"Alexander was unique, the closest thing I met to a master of the markets, which, I’m now convinced, no man really is. He was twenty seven.....(and) had grown up trading a portfolio of securities. He recalls making a killing in the stock market while in the seventh grade. At the age of nineteen he lost ninety-seven thousand dollars on U.S. treasury bill futures. He was not, in other words, a normal child. Once he learned to ride his gains and cut his losses, he never looked back. What he lost in t-bills, the made back several times in gold futures.
Alexander had a knack for interpreting events around him. The most impressive aspect of this was its speed. When news broke, he seemed to have already planned his response. He trusted his nose completely. If he had a flaw, it was that he lacked the ability to question his own immediate reactions. He saw the markets as a tightly woven web."
"Liars Poker" - Michael Lewis
The above passage prompted a great leap forward in my understanding of markets when I first read it a quarter of a century ago (the emphases are mine). In particular, the interconnected nature of markets helped make sense of market action and reaction.
This is why I often look to the price action in other markets to inform a view on another trade. As an example, watching copper and oil gives me a sense of current industrial sentiment - which is an important component of the performance of industrial shares.
Right now, one chart could inform every other market.

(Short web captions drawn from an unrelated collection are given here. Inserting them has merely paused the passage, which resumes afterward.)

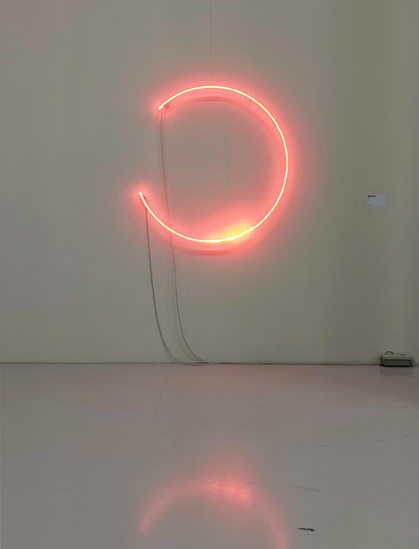 A photo of an orange or pink neon light bent into an incomplete circle mounted on a plain wall, with a power cord running to a power point at the bottom right.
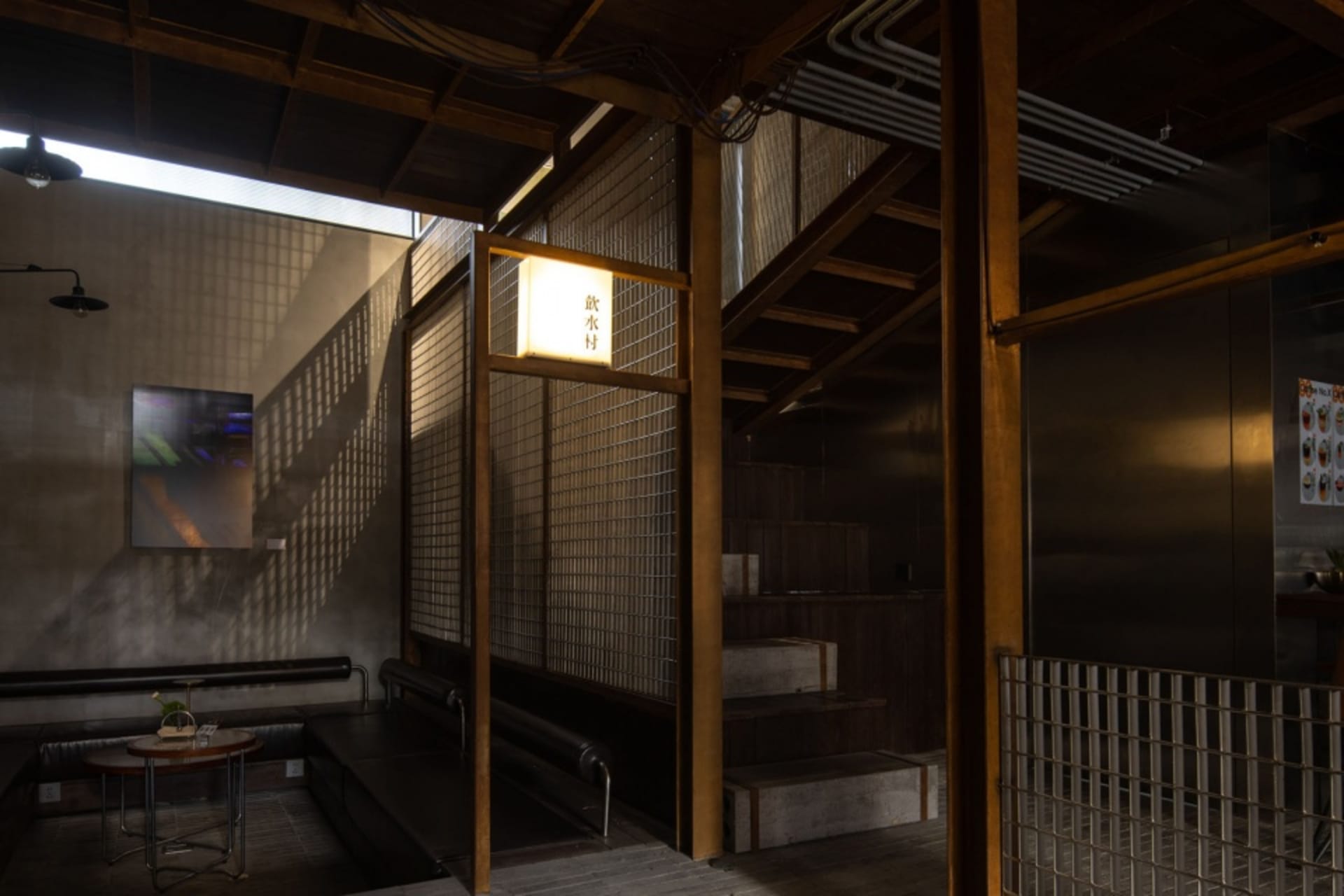 Modern stairwell with wooden stairs, metal railing, and a bench, giving off a sleek and modern vibe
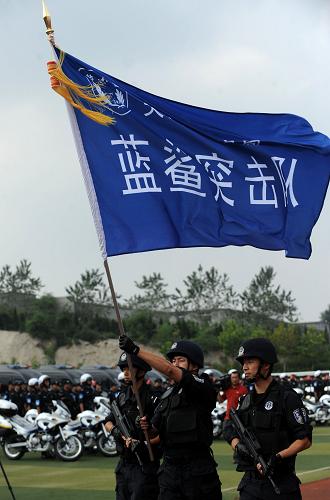 9月6日,“藍(lán)鯊”突擊隊(duì)隊(duì)員在出警儀式上高舉旗幟。新華社發(fā)(姜冰 攝)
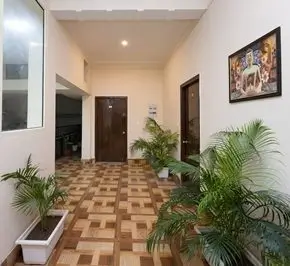 Peaceful accommodation hallway with indoor plants at a spiritual healing yoga retreat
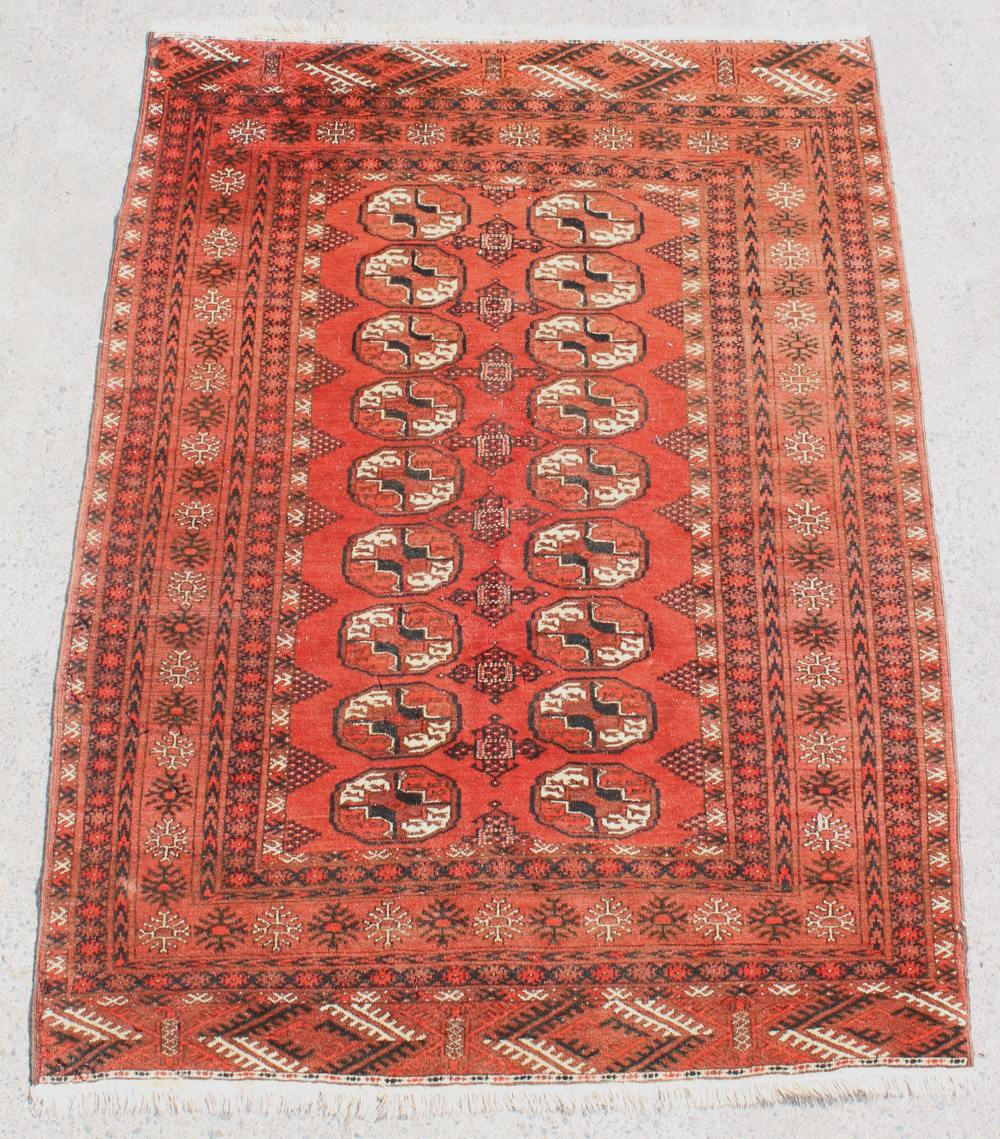 Property of a deceased estate - a Turkoman rug, with two rows of octagonal guls, 74 by 53ins. (188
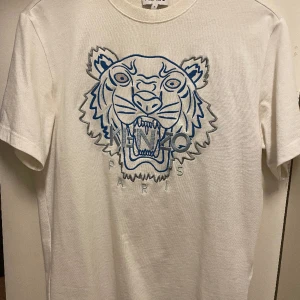 Kenzo t-shirt  - Jätte snygg och clean kenzo t-shirt. Använd ett fåtal gånger nästan som ny. Storlek s men sitter om m-L. Nypris 1500kr. Köpt på selfridges i London.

The Yen is currently considered a "safe haven". (I have my doubts about this concept, but we'll talk about that later). USD/JPY is sliding (Yen rising) as Japanese investors recall their global investments, and some global investors send their funds to the perceived safe haven. This USD weakness (Yen strength) is also reflecting the impact lower global growth could have on the Fed's tightening timetable.
As shares, oil, gold and bond markets are whipped by daily shifts in sentiment, USD/JPY has provided a reasonable guide to the session's sentiment. When USD/JPY is falling, fear is rising. And the chart is about to complete a significant reversal pattern:The light blue W's are generated by the CMC platform's pattern recognition scanner. Note how the first bottom of the W falls outside the Bollinger Bands, and the second bottom is within. Yesterday was a hammer candle - that is, the market sold off, then rejected the lower prices as the buyers took control and USD/JPY finished near the top of the range. All that is required to complete the W reversal formation is a blue candle - the bigger the better.
Sure, there's a potential trade right there (buy USD/JPY at 112.45, stop loss at 110.90, targets somewhere between 116 and 121) but it's the implications for other markets that are capturing attention.
If USD/JPY is about to rise it's a sign that fear is falling and confidence is returning. This could see sustained selling in gold and bonds, and buying in share markets around the world. Oil prices are likely to at least stabilise. All of which could lead to a much more positive investment environment over the coming weeks and months.